The method above needs to be run within a concurrency scope, as .runToChannel() creates a background fork which runs the pipeline described by the flow, and emits its elements onto the returned channel.

Text transformations and I/O operations

For smooth operations on byte[], we’ve created a wrapper class ByteChunk. And for smooth type handling we created a dedicated ByteFlow, a subtype of Flow<ByteChunk>. To be able to utilize text and I/O operations, you need to create or transform into ByteFlow. It can be created via Flows.fromByteArray or Flows.fromByteChunk. Flow containing byte[] or ByteChunk can be transformed by using toByteFlow() method. Any other flow can be transformed by using toByteFlow() with mapping function.

Text operations

  • encodeUtf8 encodes a Flow<String> into a ByteFlow

  • linesUtf8 decodes a ByteFlow into a Flow<String>. Assumes that the input represents text with line breaks. The String elements emitted by resulting Flow<String> represent text lines.

  • decodeStringUtf8 to decode a ByteFlow into a Flow<String>, without handling line breaks, just processing input bytes as UTF-8 characters, even if a multi-byte character is divided into two chunks.

I/O Operations

  • runToInputStream(UnsupervisedScope scope) runs given flow asynchronously into returned InputStream

  • runToOutputStream(OutputStream outputStream) runs given flow into provided OutputStream

  • runToFile(Path path) runs given flow into file. If file does not exist, it’s created.
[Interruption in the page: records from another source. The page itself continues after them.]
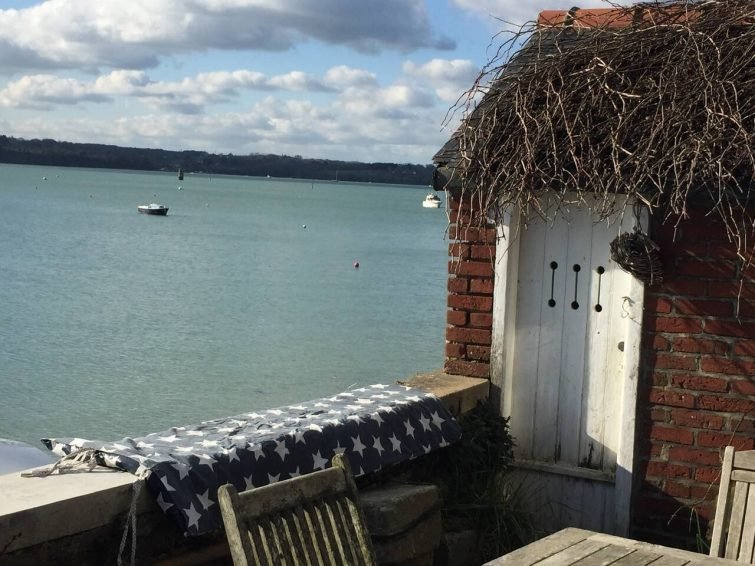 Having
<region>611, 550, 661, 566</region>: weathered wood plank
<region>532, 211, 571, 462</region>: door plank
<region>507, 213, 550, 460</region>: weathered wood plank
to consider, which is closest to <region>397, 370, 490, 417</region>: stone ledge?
<region>507, 213, 550, 460</region>: weathered wood plank

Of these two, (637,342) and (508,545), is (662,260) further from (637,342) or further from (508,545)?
(508,545)

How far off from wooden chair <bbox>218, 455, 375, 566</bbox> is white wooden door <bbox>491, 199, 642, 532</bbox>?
240 centimetres

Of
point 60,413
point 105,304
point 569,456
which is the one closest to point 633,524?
point 569,456

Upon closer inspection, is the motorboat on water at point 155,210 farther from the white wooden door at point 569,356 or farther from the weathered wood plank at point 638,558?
the weathered wood plank at point 638,558

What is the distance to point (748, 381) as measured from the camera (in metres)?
5.11

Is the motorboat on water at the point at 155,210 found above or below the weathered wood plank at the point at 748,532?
below

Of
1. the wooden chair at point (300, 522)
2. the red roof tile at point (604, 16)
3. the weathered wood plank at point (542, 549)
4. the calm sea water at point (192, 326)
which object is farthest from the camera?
the calm sea water at point (192, 326)

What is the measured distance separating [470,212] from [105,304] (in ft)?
85.3

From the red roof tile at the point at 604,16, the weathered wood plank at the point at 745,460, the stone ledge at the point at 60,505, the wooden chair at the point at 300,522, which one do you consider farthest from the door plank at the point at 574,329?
the stone ledge at the point at 60,505

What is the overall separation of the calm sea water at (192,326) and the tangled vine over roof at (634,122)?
519cm

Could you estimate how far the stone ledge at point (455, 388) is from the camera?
18.1 feet

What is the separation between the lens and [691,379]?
521cm

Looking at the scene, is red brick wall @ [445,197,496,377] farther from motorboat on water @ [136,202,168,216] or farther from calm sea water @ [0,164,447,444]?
motorboat on water @ [136,202,168,216]

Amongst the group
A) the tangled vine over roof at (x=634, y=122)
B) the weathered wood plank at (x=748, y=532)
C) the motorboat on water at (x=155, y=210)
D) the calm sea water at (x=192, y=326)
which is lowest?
the calm sea water at (x=192, y=326) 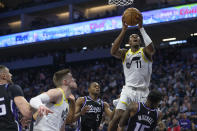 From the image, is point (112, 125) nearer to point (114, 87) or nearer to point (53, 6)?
point (114, 87)

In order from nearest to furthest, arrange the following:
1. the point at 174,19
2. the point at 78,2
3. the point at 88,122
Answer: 1. the point at 88,122
2. the point at 174,19
3. the point at 78,2

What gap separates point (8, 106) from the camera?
165 inches

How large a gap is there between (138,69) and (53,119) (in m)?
2.24

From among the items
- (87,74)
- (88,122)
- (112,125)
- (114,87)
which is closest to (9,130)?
(112,125)

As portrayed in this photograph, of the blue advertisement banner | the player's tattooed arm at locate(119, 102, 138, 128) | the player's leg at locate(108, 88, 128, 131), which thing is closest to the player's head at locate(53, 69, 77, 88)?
the player's tattooed arm at locate(119, 102, 138, 128)

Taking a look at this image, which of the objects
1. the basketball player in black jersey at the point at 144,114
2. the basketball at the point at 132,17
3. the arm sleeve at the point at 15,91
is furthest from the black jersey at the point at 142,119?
the arm sleeve at the point at 15,91

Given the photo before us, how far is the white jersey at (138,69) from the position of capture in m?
6.01

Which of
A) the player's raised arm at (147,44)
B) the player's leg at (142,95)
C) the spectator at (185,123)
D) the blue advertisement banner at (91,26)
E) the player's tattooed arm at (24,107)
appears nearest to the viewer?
the player's tattooed arm at (24,107)

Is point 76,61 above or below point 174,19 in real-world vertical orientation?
below

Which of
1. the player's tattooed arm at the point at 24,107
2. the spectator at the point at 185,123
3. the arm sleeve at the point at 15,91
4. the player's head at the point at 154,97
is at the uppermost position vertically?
the arm sleeve at the point at 15,91

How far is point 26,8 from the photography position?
2900cm

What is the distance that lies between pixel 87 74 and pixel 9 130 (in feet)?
61.4

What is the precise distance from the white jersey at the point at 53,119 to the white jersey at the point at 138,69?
196 cm

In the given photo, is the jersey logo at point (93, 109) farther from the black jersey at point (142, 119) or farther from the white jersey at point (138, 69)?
the black jersey at point (142, 119) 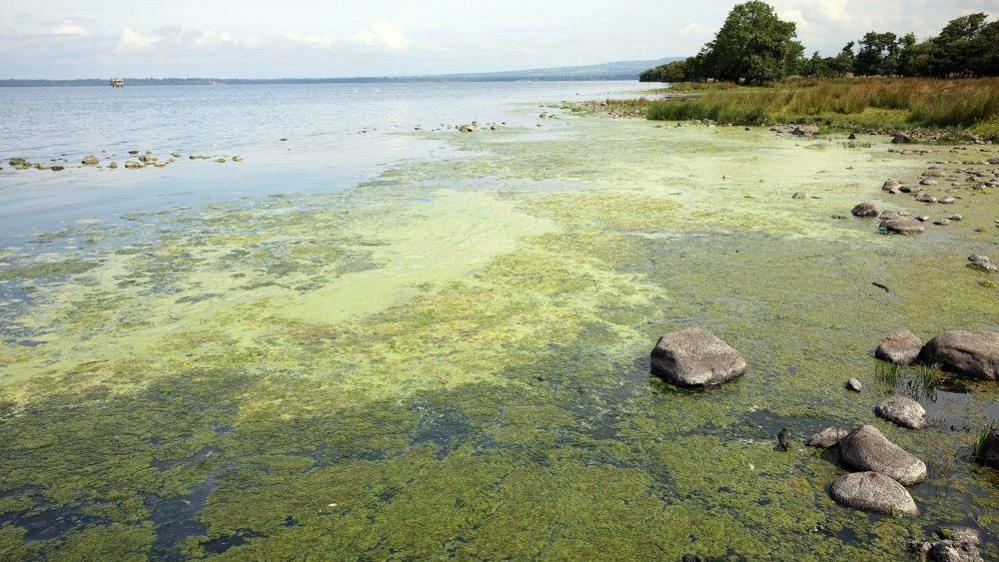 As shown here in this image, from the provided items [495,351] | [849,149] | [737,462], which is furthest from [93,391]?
[849,149]

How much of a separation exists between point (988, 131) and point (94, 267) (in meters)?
18.0

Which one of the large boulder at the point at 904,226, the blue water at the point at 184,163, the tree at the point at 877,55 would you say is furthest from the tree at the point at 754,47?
the large boulder at the point at 904,226

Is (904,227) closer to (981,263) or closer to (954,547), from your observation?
(981,263)

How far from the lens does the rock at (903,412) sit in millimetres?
3151

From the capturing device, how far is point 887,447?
279cm

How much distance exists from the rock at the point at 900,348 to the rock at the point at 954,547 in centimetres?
164

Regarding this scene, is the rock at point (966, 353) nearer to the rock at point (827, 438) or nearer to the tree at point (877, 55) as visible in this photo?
the rock at point (827, 438)

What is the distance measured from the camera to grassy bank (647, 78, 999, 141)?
623 inches

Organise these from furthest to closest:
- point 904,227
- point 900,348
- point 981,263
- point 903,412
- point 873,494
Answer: point 904,227
point 981,263
point 900,348
point 903,412
point 873,494

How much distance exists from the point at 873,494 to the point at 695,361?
1.21m

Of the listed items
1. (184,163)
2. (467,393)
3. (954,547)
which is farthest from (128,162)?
(954,547)

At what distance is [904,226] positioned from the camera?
22.3ft

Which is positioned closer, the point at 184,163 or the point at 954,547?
the point at 954,547

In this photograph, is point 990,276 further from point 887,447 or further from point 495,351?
point 495,351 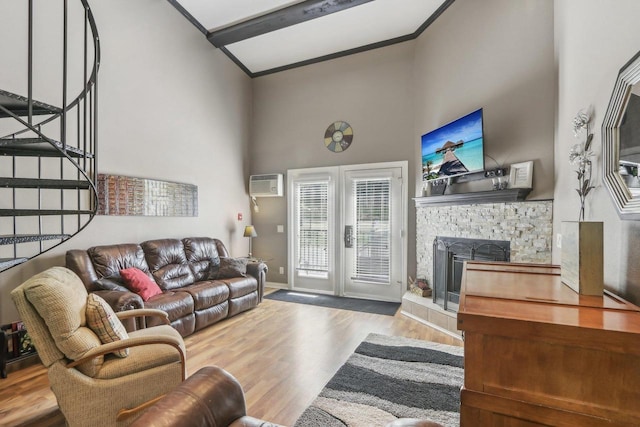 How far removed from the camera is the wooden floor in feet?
6.73

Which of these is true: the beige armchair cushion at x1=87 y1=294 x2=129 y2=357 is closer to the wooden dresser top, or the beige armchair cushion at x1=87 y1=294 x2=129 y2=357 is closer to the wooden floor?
the wooden floor

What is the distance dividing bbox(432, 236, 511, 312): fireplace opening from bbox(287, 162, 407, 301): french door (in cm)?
79

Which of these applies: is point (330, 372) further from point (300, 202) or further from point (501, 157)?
point (300, 202)

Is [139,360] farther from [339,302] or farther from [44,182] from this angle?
[339,302]

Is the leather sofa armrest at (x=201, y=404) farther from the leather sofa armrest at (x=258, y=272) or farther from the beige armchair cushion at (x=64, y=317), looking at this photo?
the leather sofa armrest at (x=258, y=272)

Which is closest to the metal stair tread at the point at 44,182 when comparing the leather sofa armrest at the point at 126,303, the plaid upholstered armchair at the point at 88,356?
the plaid upholstered armchair at the point at 88,356

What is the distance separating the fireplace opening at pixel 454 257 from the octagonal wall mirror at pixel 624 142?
181 cm

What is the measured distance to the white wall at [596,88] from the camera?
1.30 meters

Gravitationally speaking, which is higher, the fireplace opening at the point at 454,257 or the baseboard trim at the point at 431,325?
the fireplace opening at the point at 454,257

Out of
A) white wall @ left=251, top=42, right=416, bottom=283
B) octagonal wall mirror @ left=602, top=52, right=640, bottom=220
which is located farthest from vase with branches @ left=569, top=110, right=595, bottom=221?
white wall @ left=251, top=42, right=416, bottom=283

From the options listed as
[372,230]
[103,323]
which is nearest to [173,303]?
[103,323]

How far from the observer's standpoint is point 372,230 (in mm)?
4840

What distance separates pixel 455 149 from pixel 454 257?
1.31 metres

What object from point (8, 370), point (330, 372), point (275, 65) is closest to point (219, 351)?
point (330, 372) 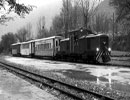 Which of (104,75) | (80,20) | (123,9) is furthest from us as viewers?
(80,20)

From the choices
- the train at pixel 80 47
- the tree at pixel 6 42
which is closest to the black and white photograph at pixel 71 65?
the train at pixel 80 47

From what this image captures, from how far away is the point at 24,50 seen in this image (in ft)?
171

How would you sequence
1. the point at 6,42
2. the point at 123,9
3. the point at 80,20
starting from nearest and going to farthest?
1. the point at 123,9
2. the point at 80,20
3. the point at 6,42

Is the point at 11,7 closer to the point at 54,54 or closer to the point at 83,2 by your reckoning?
the point at 54,54

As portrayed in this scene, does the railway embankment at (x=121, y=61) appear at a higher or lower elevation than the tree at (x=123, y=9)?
lower

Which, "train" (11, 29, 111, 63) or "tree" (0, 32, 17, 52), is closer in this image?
"train" (11, 29, 111, 63)

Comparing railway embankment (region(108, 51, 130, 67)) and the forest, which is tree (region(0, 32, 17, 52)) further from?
railway embankment (region(108, 51, 130, 67))

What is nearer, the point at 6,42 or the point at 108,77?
the point at 108,77

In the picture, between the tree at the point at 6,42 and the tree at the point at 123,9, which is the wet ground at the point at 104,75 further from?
the tree at the point at 6,42

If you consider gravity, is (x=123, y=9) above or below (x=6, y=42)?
above

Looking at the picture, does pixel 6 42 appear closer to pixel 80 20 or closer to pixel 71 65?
pixel 80 20

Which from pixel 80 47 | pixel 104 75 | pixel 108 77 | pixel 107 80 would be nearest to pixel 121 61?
pixel 80 47

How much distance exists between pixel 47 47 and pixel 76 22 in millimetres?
23898

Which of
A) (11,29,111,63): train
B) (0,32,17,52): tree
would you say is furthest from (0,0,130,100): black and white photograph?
(0,32,17,52): tree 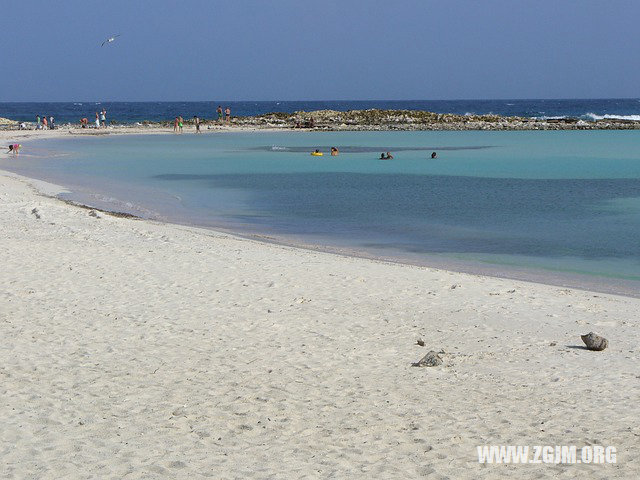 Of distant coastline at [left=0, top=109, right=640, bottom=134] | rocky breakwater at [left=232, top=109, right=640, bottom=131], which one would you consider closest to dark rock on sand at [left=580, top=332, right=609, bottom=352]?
distant coastline at [left=0, top=109, right=640, bottom=134]

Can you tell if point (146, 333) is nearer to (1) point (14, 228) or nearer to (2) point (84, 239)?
(2) point (84, 239)

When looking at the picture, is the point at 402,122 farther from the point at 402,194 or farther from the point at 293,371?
the point at 293,371

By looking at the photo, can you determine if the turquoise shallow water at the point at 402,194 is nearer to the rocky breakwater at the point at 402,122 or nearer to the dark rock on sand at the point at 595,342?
the dark rock on sand at the point at 595,342

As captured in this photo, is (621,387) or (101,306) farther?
(101,306)

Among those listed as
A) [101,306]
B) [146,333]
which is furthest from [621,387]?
[101,306]

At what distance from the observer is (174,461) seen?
6.45 metres

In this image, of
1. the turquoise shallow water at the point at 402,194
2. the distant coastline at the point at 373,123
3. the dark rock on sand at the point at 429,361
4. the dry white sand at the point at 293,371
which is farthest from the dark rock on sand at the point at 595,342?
the distant coastline at the point at 373,123

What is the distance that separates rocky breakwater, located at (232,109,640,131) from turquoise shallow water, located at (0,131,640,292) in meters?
22.8

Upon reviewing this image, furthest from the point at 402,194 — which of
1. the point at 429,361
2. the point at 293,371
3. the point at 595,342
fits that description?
the point at 293,371

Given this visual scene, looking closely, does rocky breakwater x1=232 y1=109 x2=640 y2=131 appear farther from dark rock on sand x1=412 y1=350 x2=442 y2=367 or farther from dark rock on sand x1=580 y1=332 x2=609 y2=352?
dark rock on sand x1=412 y1=350 x2=442 y2=367

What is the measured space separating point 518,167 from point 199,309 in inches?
1217

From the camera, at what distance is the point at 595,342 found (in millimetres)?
9609

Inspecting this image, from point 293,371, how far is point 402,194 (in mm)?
20533

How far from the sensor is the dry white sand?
21.6 feet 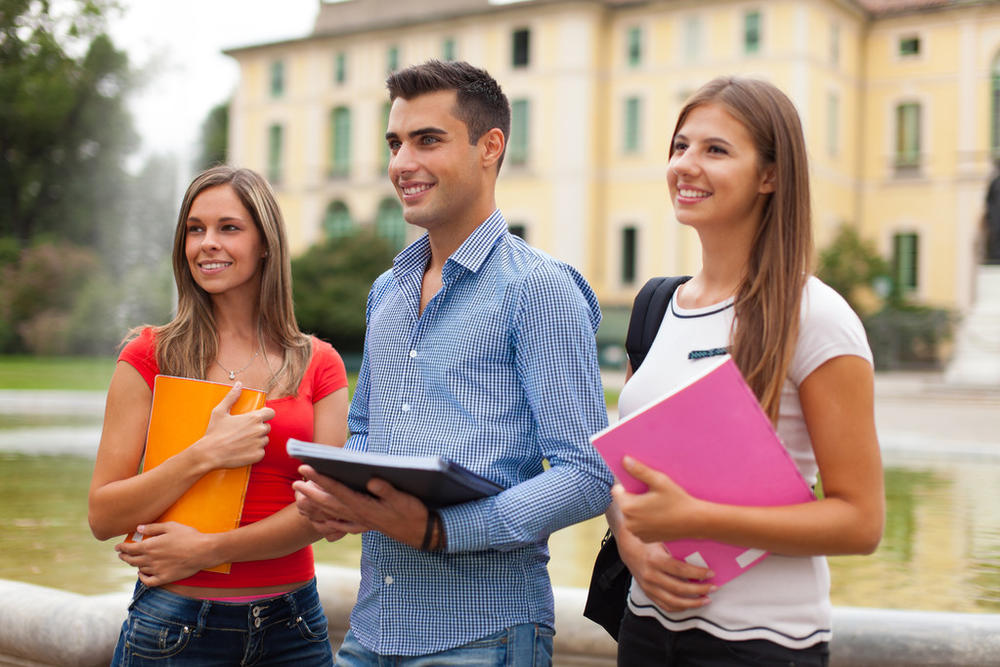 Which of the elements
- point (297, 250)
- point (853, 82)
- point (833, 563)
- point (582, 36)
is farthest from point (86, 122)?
point (833, 563)

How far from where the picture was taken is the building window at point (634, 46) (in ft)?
115

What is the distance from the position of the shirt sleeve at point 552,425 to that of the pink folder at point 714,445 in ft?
0.69

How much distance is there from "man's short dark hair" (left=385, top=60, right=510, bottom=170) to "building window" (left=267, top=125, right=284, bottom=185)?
40.0 m

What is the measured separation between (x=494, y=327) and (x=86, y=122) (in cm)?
3835

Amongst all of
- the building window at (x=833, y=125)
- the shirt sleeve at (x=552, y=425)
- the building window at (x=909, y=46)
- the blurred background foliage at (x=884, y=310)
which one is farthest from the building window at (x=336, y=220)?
the shirt sleeve at (x=552, y=425)

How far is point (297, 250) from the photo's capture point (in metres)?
41.1

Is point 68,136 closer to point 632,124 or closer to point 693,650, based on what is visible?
point 632,124

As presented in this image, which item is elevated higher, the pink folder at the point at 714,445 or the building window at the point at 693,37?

It is also possible to create Flow from inputStream or path using Flows factory methods.

Logging

Jox does not have any integrations with logging libraries, but it provides a simple way to log elements emitted by flows using the .tap method:

import com.softwaremill.jox.flows.Flows;

public class Demo {

    public static void main(String[] args) throws Exception {
        Flows.fromValues(1, 2, 3)
                .tap(n -> System.out.printf("Received: %d%n", n))
                .runToList();
    }
}

Reactive streams interoperability

Flow -> Publisher

A Flow can be converted to a java.util.concurrent.Flow.Publisher using the .toPublisher method.

This needs to be run within an concurrency Scope, as upon subscribing, a fork is created to run the publishing process. Hence, the scope should remain active as long as the publisher is used.

Internally, elements emitted by the flow are buffered, using a buffer of capacity given by the Channel.BUFFER_SIZE in scope.

To obtain a org.reactivestreams.Publisher instance, you’ll need to add the reactive-streams dependency and use org.reactivestreams.FlowAdapters.

Publisher -> Flow

A java.util.concurrent.Flow.Publisher can be converted to a Flow using Flow.fromPublisher.

Internally, elements published to the subscription are buffered, using a buffer of capacity given by the Channel.BUFFER_SIZE in scope. That’s also how many elements will be at most requested from the publisher at a time.

To convert a org.reactivestreams.Publisher instance, you’ll need the same dependency as above and use org.reactivestreams.FlowAdapters.